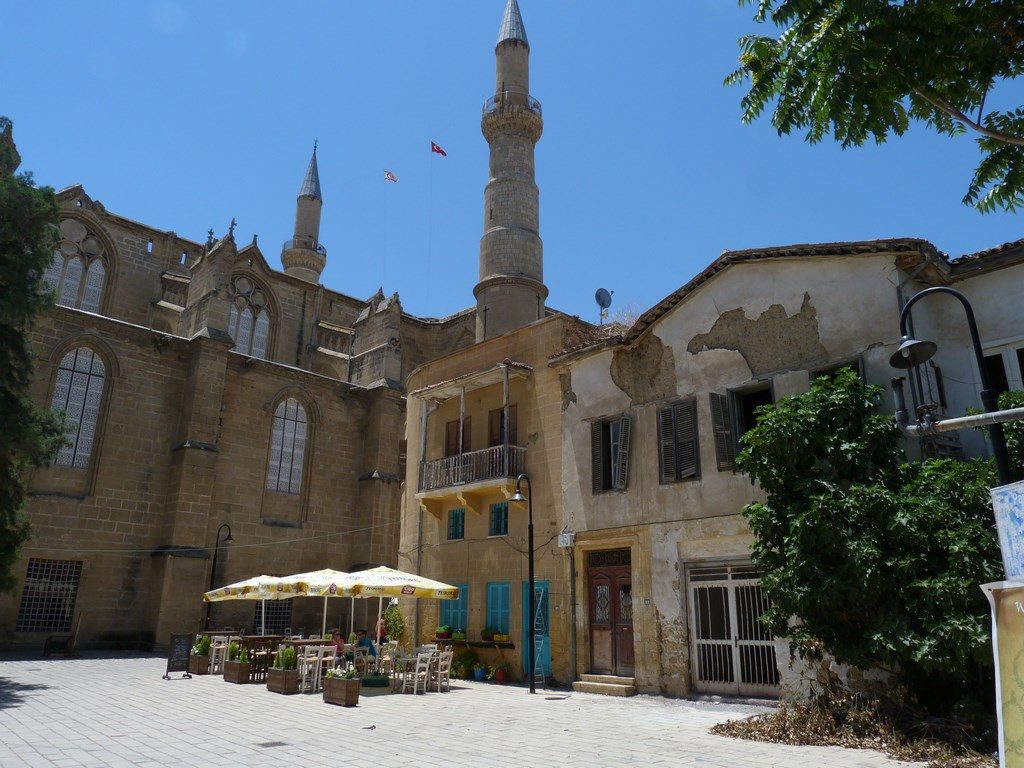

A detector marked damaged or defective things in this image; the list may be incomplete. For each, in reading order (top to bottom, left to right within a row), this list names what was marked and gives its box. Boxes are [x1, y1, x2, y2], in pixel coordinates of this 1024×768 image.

peeling plaster [606, 335, 679, 409]
peeling plaster [684, 292, 827, 376]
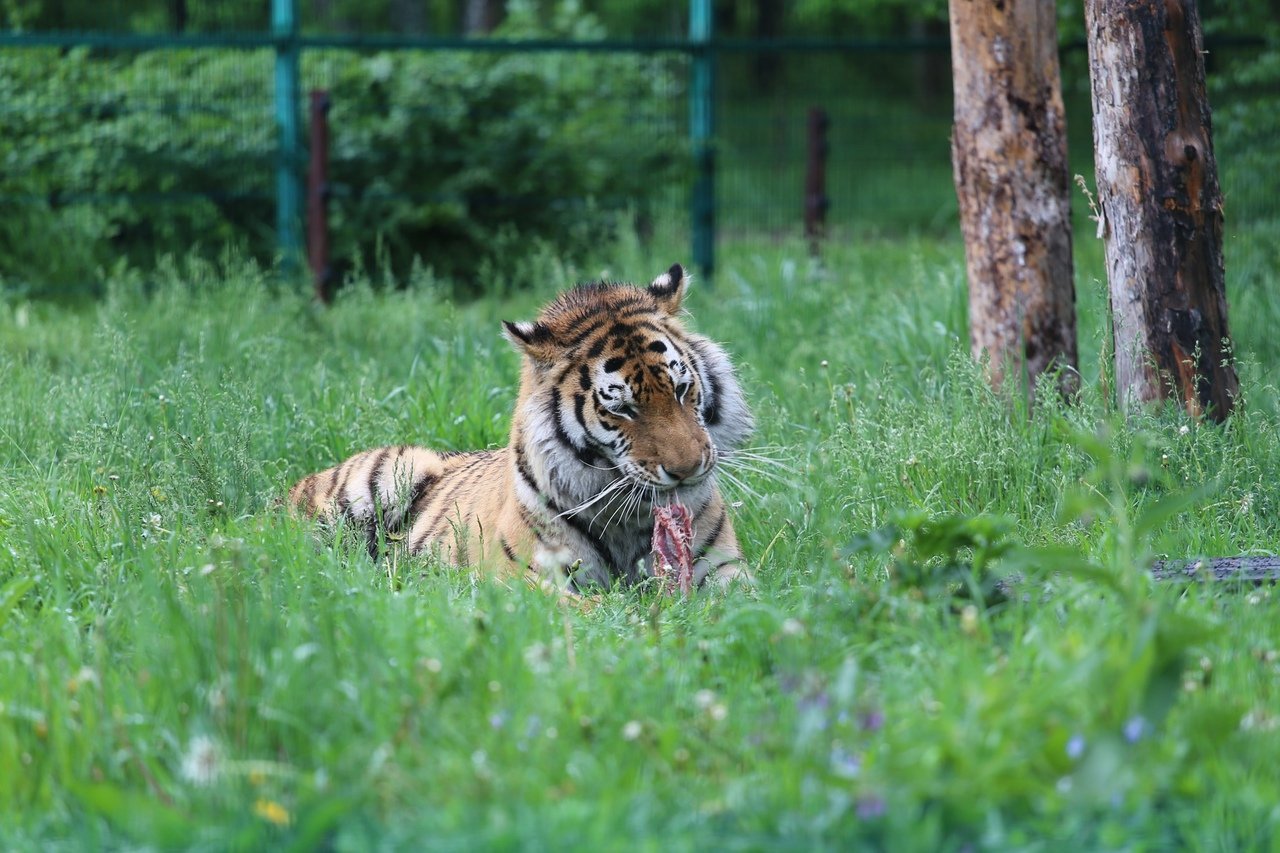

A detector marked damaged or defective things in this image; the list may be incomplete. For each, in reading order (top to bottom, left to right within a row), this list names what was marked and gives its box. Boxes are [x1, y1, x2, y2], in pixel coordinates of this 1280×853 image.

rusty fence post [305, 89, 332, 302]
rusty fence post [803, 106, 824, 252]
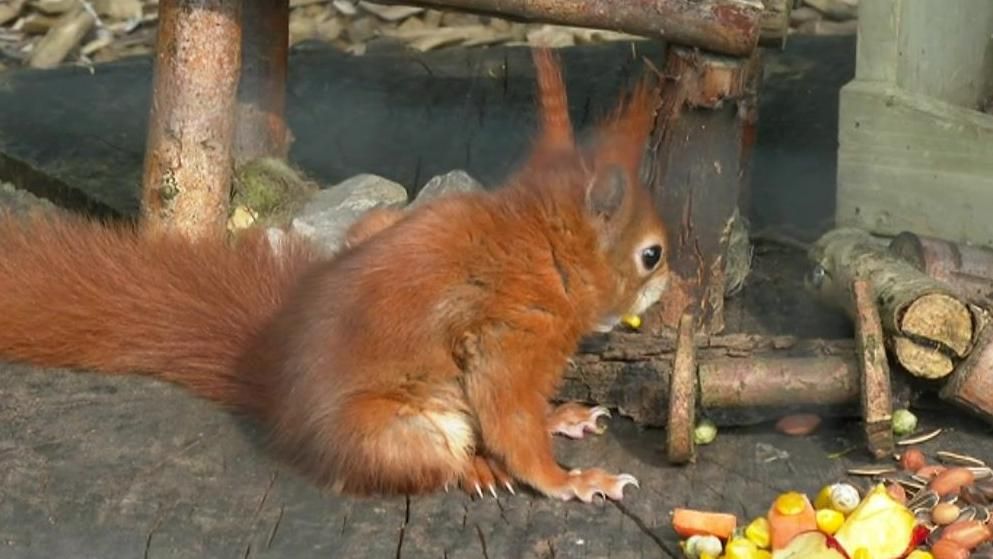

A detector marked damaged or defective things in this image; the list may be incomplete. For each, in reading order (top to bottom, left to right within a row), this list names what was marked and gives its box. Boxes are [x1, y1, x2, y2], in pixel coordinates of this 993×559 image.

rusty metal pole [140, 0, 243, 238]
rusty metal pole [233, 0, 290, 164]
rusty metal pole [368, 0, 764, 57]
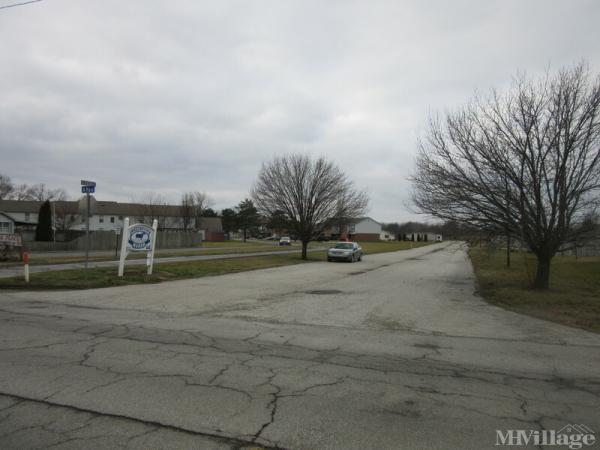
# # # #
## TRY IT
Leave the pictures out, then output exactly the lines from the "this 993×559 image." line through the end of the records above, and no others.

## SOLUTION BELOW
A detector marked damaged or defective things in this image; the list may be incomplete. For each, in reading order (top to bottom, left to right within a row), this list names what was marked and gives its box. Boxes are [x1, y1, x2, y2], in pixel coordinates of this 993×559 image.

rusty metal pole [140, 0, 243, 238]
rusty metal pole [233, 0, 290, 164]
rusty metal pole [368, 0, 764, 57]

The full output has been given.